The Idaho Education Network broadband service likely won’t work past the end of this month, Senate President Pro Tem Brent Hill, R-Rexburg, said during a Senate Education Committee meeting Monday.

CenturyLink is threatening to pull the plug as soon as Sunday, due to unpaid bills.

“It’s been terrible,” Hill said. “We apologize to you.”

The network’s problems first surfaced last legislative session, when state officials said federal contractors had cut off funding for three-fourths of the program.

The problem came to a head in November when District Judge Patrick Owen voided the state’s $60 million broadband contact. On Wednesday, Owen reaffirmed that the contract is illegal and cannot be salvaged in any part.
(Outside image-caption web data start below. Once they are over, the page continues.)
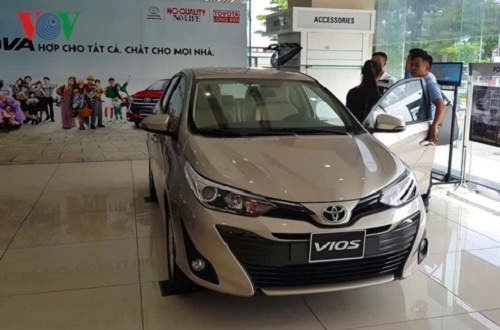 Trong tháng 10/2018, có 11.300 xe nhập khẩu và 17.599 xe lắp ráp trong nước được bán ra.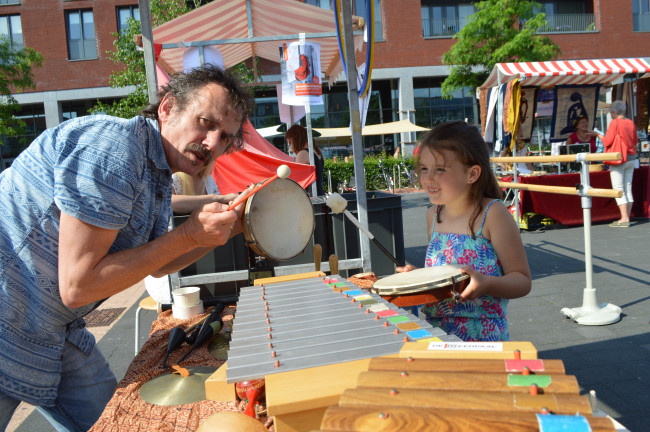 Wim van Lenthe maakt de kinderen enthousiast tijdens het Cultuurfestival.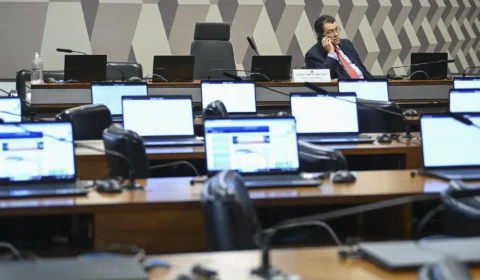 CCJ cancela reunião que discutiria parecer da reforma tributária; relator se queixa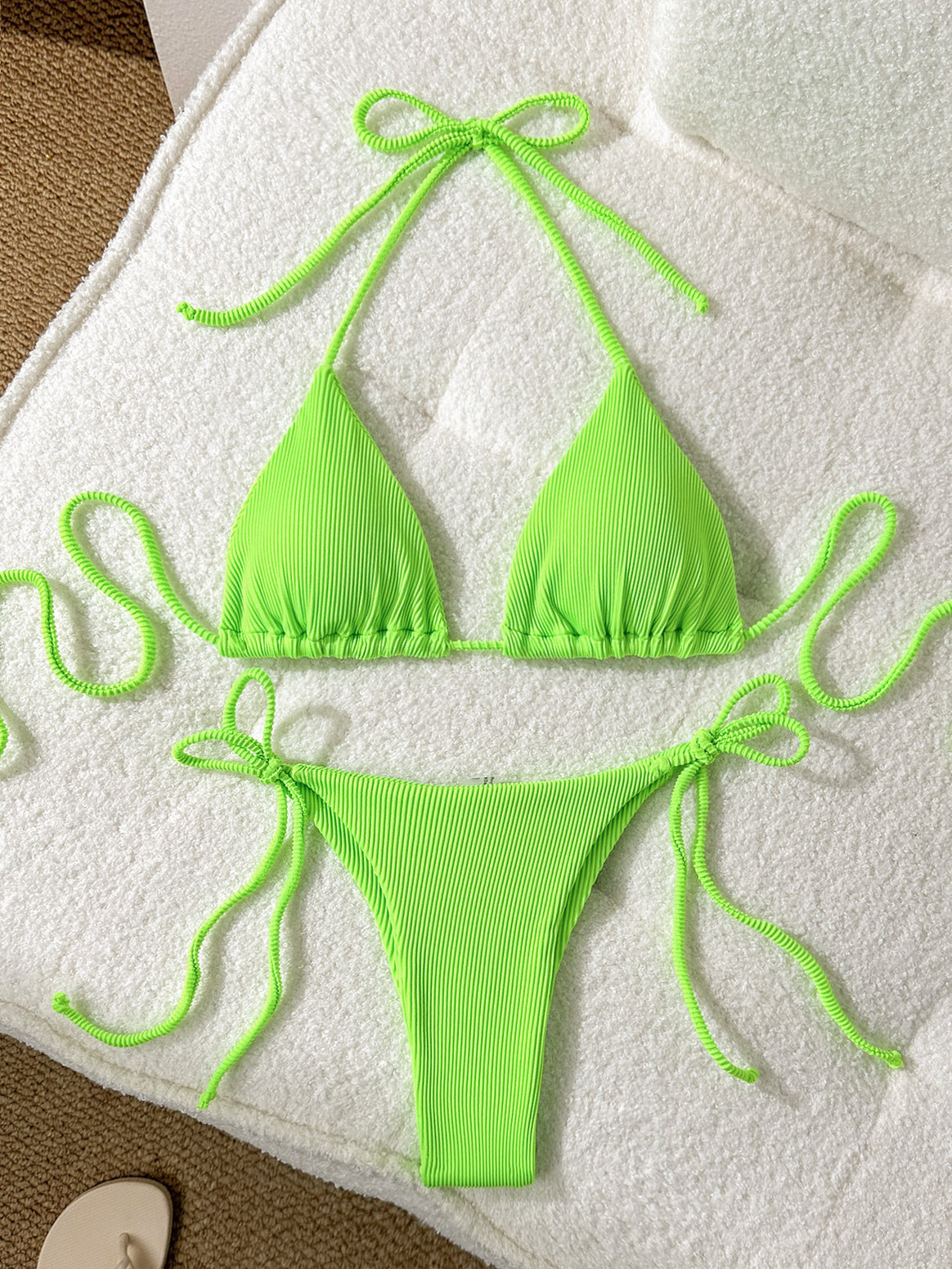 Women's triangle bikini with elastic tying bands and ribbed look Mune Fashion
“We are somewhat legally hamstrung on what we can address,” said Joint Finance-Appropriations Committee co-chair Dean Cameron, R-Rupert. “To appropriate money to a voided contact would be, by the (attorney general’s) opinion, a misuse of public funds.”

With the clock ticking, Hill, Cameron and Idaho State Department of Education chief technology officer Will Goodman implored school districts to quickly negotiate short-term broadband contracts – on their own – to get them through this school year and next.

JFAC will meet Tuesday morning to consider a potential funding solution for districts that could involve state reimbursements, or some sort of cost-equivalency deal.

Goodman encouraged districts to sign contracts of no more than one year in duration – meaning they could need separate contracts for 2015 and 2016. Districts were encouraged to file a series of federal forms in hopes of receiving “e-Rate” payments collected from phone bill surcharges to cover the costs. The first of those forms is due by Feb. 26 if districts hope to receive e-Rate payments on July 1.

Moments before Hill and Cameron spoke, Weiser school board member Margie Chipman painted lawmakers a bleak picture of life without the broadband network. If the network goes dark, Chipman said Weiser could stand to lose a host of service:

  • Video teleconferencing equipment and access to Idaho Digital Learning Academy courses.
  • Access to staff emails and computerized systems officials use to track attendance, facilitate scheduling, input grades and more.
  • The ability to input data into the Idaho System for Education Excellence longitudinal data system.
  • All online correspondence courses.
  • Access to SAT test registration and practice tests.
  • The ability to administer the online Idaho Standards Achievement Test by Smarter Balanced Common Core-aligned tests.
  • All Google educational software programs, including file storage through Google Drive. “No files are stored in buildings any more,” Chipman said. “It’s all Dropbox or Google Drive.”
  • The ability to offer several dual credit courses through College of Southern Idaho or Boise State University.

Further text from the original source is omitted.